*** Opening DATA LISTING ***
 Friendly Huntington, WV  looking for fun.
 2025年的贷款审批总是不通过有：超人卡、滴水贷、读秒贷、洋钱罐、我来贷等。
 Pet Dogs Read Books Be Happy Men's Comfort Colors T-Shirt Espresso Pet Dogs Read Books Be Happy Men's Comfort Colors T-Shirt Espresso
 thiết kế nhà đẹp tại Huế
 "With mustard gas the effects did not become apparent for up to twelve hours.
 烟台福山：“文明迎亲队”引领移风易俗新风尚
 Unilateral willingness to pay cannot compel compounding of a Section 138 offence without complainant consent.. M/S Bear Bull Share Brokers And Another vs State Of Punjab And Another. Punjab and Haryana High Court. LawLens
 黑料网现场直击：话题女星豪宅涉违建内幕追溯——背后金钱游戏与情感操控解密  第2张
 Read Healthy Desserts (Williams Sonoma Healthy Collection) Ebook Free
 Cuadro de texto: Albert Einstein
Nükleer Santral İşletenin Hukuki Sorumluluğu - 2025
*** Closing DATA LISTING ***
*** Opening DATA LISTING ***
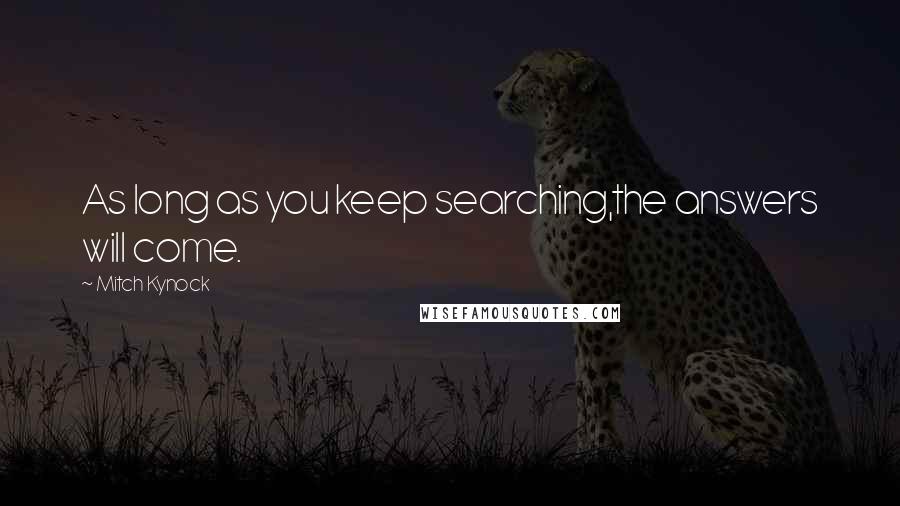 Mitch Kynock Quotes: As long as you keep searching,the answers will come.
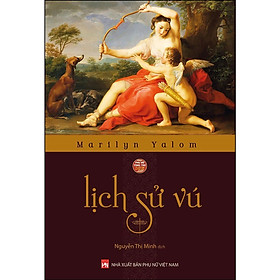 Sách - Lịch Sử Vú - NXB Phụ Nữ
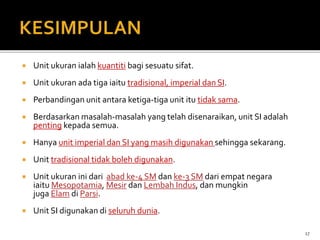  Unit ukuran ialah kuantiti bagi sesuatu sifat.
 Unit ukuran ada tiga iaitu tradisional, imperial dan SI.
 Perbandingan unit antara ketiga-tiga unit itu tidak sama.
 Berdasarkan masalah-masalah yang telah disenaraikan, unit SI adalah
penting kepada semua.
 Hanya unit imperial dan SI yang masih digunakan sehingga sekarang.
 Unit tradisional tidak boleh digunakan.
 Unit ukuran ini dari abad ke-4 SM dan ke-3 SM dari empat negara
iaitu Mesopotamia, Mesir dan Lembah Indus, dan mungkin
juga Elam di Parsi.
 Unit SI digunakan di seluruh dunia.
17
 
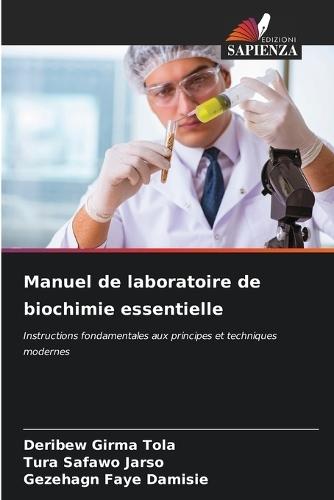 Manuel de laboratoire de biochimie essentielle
*** Closing DATA LISTING ***
*** Opening DATA LISTING ***
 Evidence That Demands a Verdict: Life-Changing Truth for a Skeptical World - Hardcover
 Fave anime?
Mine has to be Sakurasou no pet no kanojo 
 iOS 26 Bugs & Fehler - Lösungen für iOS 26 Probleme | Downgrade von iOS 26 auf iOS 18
*** Closing DATA LISTING ***
**WHAT THE EXERCISE ASKS**
Please return the lines above that run from the line containing "Fave anime?" to the line containing "iOS 26 Bugs", inclusive, exactly and with no other lines.

**WORKED SOLUTION**
 Fave anime?
Mine has to be Sakurasou no pet no kanojo 
 iOS 26 Bugs & Fehler - Lösungen für iOS 26 Probleme | Downgrade von iOS 26 auf iOS 18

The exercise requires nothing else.